Work instructions:
Below are lines of data; restate word for word those running from the line containing "Candidatos del PSOE en su visita a Binéfar." to the line containing "Helsingborgs målvakt Anders", inclusive, and no others.

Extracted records
####################

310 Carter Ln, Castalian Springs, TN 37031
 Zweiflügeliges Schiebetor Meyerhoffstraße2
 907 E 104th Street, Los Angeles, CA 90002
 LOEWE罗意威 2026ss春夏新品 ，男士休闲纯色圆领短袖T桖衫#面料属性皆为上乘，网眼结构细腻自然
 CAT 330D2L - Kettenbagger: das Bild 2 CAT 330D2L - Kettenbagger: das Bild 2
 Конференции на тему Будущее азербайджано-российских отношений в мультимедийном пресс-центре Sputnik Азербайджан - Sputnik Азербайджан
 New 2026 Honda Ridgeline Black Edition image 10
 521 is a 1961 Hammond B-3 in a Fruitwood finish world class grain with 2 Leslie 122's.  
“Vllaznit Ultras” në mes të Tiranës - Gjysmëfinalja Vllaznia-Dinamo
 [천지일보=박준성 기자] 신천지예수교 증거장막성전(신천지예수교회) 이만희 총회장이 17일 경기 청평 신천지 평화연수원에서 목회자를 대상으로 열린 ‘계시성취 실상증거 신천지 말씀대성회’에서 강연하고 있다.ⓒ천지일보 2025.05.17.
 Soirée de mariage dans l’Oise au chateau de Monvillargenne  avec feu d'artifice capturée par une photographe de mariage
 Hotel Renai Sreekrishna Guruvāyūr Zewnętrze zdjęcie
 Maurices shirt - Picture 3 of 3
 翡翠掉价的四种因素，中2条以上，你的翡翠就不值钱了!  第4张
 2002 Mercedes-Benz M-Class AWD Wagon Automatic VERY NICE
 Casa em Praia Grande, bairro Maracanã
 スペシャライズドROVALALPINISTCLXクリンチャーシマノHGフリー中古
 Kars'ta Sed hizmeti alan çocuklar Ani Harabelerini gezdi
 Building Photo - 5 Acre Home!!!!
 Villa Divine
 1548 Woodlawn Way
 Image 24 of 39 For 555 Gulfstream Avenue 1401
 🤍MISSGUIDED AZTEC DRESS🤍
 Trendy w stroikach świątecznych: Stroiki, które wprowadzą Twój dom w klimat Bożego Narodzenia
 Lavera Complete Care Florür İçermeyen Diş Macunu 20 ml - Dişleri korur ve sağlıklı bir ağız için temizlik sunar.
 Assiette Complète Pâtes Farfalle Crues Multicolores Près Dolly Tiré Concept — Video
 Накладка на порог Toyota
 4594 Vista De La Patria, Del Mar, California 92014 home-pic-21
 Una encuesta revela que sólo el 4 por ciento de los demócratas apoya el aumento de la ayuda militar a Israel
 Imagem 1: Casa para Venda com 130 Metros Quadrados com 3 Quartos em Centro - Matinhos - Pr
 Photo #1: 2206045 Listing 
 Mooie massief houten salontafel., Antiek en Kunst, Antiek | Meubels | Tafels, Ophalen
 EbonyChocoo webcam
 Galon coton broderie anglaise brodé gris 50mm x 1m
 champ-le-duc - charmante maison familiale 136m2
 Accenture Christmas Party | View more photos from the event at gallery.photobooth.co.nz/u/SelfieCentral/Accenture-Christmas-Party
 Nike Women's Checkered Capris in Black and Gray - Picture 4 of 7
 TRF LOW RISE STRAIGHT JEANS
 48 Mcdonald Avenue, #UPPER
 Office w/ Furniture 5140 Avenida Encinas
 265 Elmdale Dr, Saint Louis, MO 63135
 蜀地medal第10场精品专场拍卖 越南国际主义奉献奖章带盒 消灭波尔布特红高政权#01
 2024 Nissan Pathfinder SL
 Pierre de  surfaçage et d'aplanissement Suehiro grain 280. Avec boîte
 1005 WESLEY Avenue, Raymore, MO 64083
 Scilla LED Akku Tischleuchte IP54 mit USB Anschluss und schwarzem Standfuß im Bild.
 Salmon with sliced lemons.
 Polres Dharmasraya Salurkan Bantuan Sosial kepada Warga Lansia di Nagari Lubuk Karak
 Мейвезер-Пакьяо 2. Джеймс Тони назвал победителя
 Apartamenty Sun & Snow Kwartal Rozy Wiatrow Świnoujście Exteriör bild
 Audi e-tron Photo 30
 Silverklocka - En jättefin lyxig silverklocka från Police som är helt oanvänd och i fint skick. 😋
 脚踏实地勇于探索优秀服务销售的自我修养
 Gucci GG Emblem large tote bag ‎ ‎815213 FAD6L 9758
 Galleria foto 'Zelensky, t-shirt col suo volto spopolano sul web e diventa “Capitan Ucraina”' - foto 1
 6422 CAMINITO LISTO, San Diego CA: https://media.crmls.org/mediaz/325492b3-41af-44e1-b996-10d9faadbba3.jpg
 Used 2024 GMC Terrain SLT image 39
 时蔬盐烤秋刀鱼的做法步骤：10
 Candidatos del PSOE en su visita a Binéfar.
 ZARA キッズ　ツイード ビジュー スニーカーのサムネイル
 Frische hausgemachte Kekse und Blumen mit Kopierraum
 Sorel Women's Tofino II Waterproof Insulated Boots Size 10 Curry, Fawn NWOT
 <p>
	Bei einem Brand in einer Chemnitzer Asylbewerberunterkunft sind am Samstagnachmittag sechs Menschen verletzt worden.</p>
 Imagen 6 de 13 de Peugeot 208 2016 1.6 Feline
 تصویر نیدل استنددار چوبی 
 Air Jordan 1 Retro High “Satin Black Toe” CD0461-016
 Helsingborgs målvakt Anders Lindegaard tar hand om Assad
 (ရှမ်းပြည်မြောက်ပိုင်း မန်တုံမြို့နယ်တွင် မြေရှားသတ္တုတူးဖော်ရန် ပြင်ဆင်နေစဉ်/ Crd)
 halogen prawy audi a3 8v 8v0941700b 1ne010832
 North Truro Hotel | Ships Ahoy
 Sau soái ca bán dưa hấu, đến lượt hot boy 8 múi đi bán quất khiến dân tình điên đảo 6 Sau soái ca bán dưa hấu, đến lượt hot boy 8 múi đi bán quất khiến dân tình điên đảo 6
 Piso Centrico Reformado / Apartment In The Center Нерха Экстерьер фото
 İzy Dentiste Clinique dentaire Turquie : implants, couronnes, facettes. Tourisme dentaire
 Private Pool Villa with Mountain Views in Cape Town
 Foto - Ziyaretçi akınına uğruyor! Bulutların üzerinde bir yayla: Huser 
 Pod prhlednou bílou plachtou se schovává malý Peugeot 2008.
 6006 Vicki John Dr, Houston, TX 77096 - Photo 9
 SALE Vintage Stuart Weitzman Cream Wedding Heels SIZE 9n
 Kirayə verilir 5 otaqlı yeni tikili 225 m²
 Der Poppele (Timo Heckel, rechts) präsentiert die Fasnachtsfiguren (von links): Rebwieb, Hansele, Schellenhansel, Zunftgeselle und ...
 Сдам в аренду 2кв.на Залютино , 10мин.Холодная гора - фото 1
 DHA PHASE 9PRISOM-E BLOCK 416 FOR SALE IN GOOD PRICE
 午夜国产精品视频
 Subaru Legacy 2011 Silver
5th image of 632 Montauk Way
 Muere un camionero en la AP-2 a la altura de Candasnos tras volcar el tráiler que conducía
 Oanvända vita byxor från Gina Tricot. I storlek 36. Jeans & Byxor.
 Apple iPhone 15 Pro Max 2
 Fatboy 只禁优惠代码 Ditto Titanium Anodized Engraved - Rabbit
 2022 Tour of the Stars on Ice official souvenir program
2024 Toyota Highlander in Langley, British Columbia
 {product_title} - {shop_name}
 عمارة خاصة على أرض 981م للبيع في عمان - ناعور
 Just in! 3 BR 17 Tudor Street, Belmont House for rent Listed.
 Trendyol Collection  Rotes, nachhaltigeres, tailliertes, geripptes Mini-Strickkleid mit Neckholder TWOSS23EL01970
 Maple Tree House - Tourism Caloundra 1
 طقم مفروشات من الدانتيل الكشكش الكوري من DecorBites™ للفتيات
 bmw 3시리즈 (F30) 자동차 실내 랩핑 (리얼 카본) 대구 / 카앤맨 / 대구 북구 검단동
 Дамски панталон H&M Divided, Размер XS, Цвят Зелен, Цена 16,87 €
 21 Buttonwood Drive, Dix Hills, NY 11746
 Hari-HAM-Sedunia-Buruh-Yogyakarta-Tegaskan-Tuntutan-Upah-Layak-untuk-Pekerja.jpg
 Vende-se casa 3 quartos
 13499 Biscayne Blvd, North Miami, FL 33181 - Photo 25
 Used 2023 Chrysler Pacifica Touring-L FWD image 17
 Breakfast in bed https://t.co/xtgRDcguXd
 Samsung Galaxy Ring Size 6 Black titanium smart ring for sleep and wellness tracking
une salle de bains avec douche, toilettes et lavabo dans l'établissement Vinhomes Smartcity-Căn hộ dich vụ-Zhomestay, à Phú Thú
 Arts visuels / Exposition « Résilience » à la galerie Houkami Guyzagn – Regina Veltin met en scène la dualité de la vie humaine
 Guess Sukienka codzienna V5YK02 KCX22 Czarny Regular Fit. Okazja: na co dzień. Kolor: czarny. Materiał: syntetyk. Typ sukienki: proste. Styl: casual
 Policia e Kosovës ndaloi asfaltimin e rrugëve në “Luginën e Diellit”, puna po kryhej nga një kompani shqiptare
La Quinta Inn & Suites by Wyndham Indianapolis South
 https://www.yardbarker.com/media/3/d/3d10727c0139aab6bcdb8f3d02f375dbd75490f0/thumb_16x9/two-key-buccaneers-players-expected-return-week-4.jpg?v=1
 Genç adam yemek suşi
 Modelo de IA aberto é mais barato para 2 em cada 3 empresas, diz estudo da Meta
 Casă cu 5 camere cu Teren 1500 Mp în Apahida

####################

Solution for this task:
 Candidatos del PSOE en su visita a Binéfar.
 ZARA キッズ　ツイード ビジュー スニーカーのサムネイル
 Frische hausgemachte Kekse und Blumen mit Kopierraum
 Sorel Women's Tofino II Waterproof Insulated Boots Size 10 Curry, Fawn NWOT
 <p>
	Bei einem Brand in einer Chemnitzer Asylbewerberunterkunft sind am Samstagnachmittag sechs Menschen verletzt worden.</p>
 Imagen 6 de 13 de Peugeot 208 2016 1.6 Feline
 تصویر نیدل استنددار چوبی 
 Air Jordan 1 Retro High “Satin Black Toe” CD0461-016
 Helsingborgs målvakt Anders Lindegaard tar hand om Assad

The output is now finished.